10.1.2 • Published 5 years ago

podium-ui v10.1.2

Weekly downloads
3
License
UNLICENSED
Repository
github
Last release
5 years ago

Podium UI

A library of Podium UI components built in React to be used in our applications.

Lego Bricks

See all the components here https://podium.github.io/podium-ui

Usage

Getting started

Install Podium UI into your project by running the following:

npm install -S git+ssh://git@github.com/podium/podium-ui.git Once it's installed, add #latest to the end of the url in your package.json. Once your app is stable, you'll probably want to change latest to whatever the most current release is. Most likely only the big releases will be official github releases, so just go with whatever the most recent tag is. Also, as of v7.0.0, in order for Podium UI to function properly, you must have styled-components as a dependency within your app.

Include components like normal

import { Button } from 'podium-ui';

Styles

Included are a few stylesheets with variables to help us keep a consistent design. You can include them in your scss like so:

@import "~podium-ui/src/styles/colors";

.podium-green-text {
  color: $podium-brand;
}

It is recommended to include the base stylesheet in the global or base stylesheet of your app. base.scss includes sanitize.css, the AvenirNext font family, and a few other basic styles.

If you'd rather not include the entirety of the AvenirNext font family, you can instead just inclue global.scss. Be aware that at this point you will also have to manually include sanitize.scss.

It should be noted that the use of scss and css modules is deprecated in Podium UI. The base.scss and global.scss stylesheets can still be used as noted above.

There are equivalent JavaScript files that will set global styles using styled components. Where you import from will depend on what module system your project uses. If using native modules, you can import the base and global from podium-ui/build/styles to globally set styles.

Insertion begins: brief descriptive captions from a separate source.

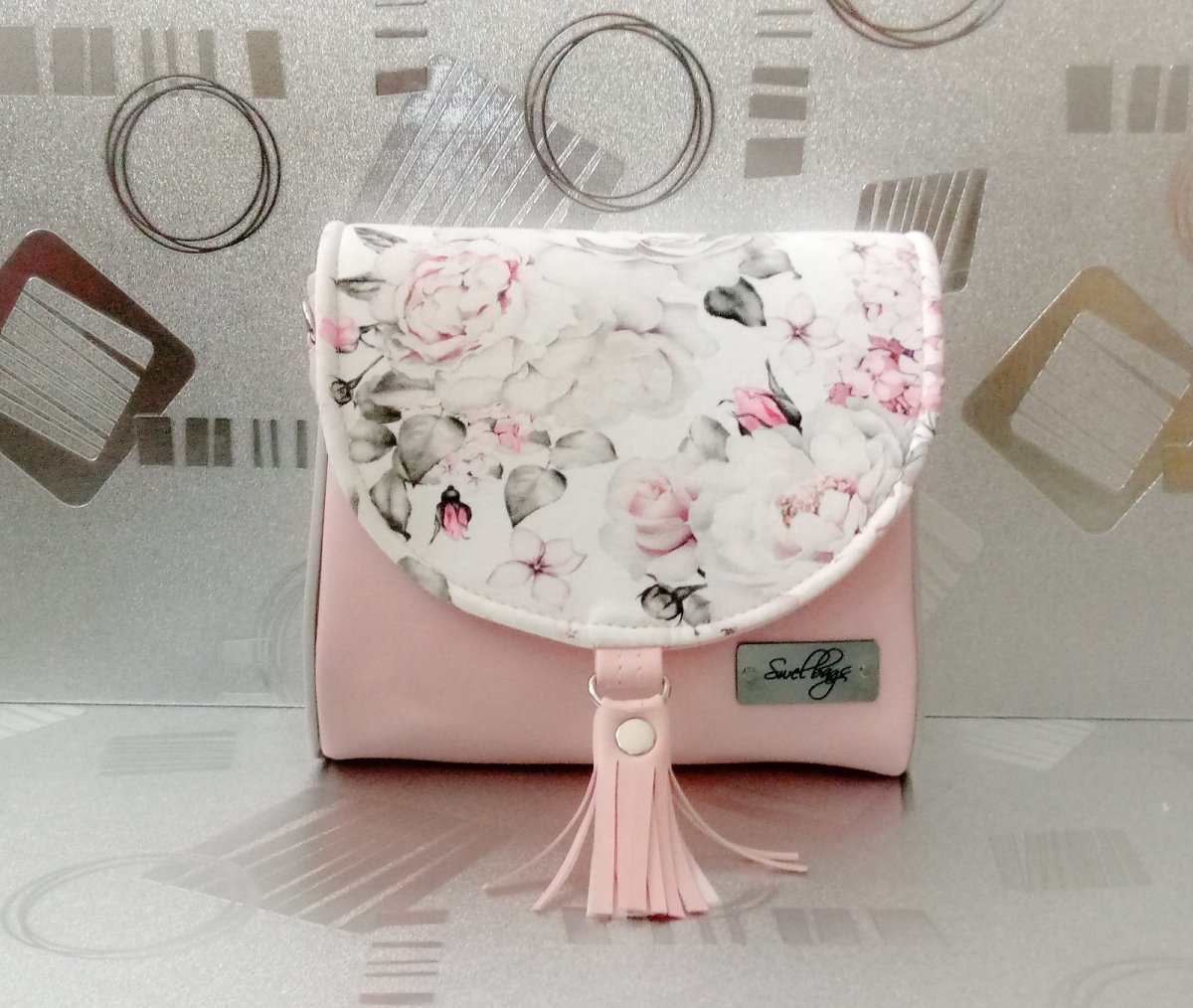 Lea - Něžně romantická ve světloulince růžové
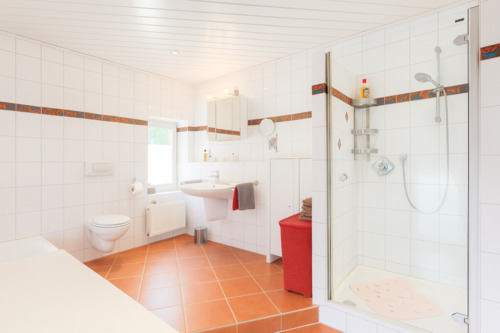 Badezimmer im Obergeschoss - 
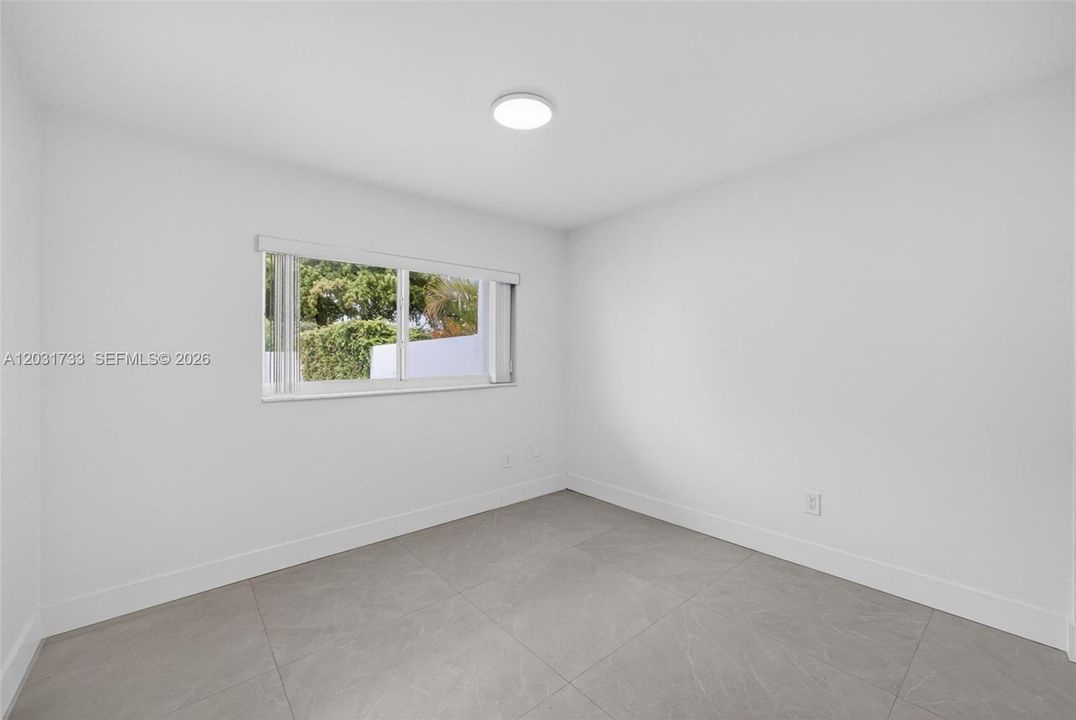 For Rent: $2,850 (2 beds, 1 baths, 960 Square Feet)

// Includes sanitize.css and AvenirNext font family
import 'podium-ui/build/styles/base';

// Doesn't include sanitize and AvenirNext font family
import 'podium-ui/build/styles/global';

If using another module system, such as CommonJS, UMD, AMD, etc., then you can import or require from the podium-ui/legacy-build/styles;

// Includes sanitize.css and AvenirNext font family
import 'podium-ui/legacy-build/styles/base'; // or
require('podium-ui/legacy-build/styles/base');

// Doesn't include sanitize and AvenirNext font family
import 'podium-ui/legacy-build/styles/global'; // or
require('podium-ui/legacy-build/styles/global');

Development

Getting started

After downloading the project run: yarn or npm install Podium UI uses storybook, which allows you to see and test all the components via a web interface. Run the storybook with npm run storybook.

Hot reload

In podium-ui run npm link Run npm link podium-ui in the repo you are viewing the changes IE: dashboard-frontend After each change you make run npm run build in podium-ui After your frontend recompiles you can view your changes locally To unlink from podium-ui simply run npm unlink podium-ui

Local Changes

If the symlinking above doesn't work for you (which it sometimes doesn't because of the way webpack ignores symlinks), you can try this. In order to see changes made locally to podium-ui in other projects, commit the changes on a new branch. Run the bin/publish-branch script. This will create a tag on github in the form b-{BRANCH_NAME}. In order to include those changes in another project (for example, Dashboard Frontend), change the line in package.json where podium-ui is included to say "podium-ui": "git+ssh://git@github.com/podium/podium-ui.git#b-{BRANCH_NAME}",. After re-installing podium-ui with npm (npm install podium-ui) you will be able to see the changes in whichever frontend app you're working on. After making more changes, commit, re-run bin/publish-branch, and once it is finished publishing, re-install podium-ui in the other project.

Publishing

Before you create your PR, bump the version number appropriately in package.json, commit, and push. Once your PR has been approved, merge it, then checkout and pull master. Then run bin/publish on the master branch. This will create the appropriate tag based on what you changed it to in package.json, and upload it to the npm registry. You can now use the version you created in your other projects.

JavaScript Modules

The build process currently makes two builds, one into a build directory and another into a legacy-build directory. Both are transpiled with Babel from ES6+ into valid JavaScript. However, the build directory contains a build that uses native JavaScript modules with import and export. This gives the benefit of tree shaking with Webpack 2. The legacy-build converts native modules into CommonJS modules. The package.json has the main field pointing to legacy-build and the module field pointing to build. If your project is using native modules, it should point to the module field as the entry point and give you tree shaking benefits. Otherwise, it should default to the main field and work as usual.

To use version 5+, you will need a file loader in your build process to handle assets in Podium UI.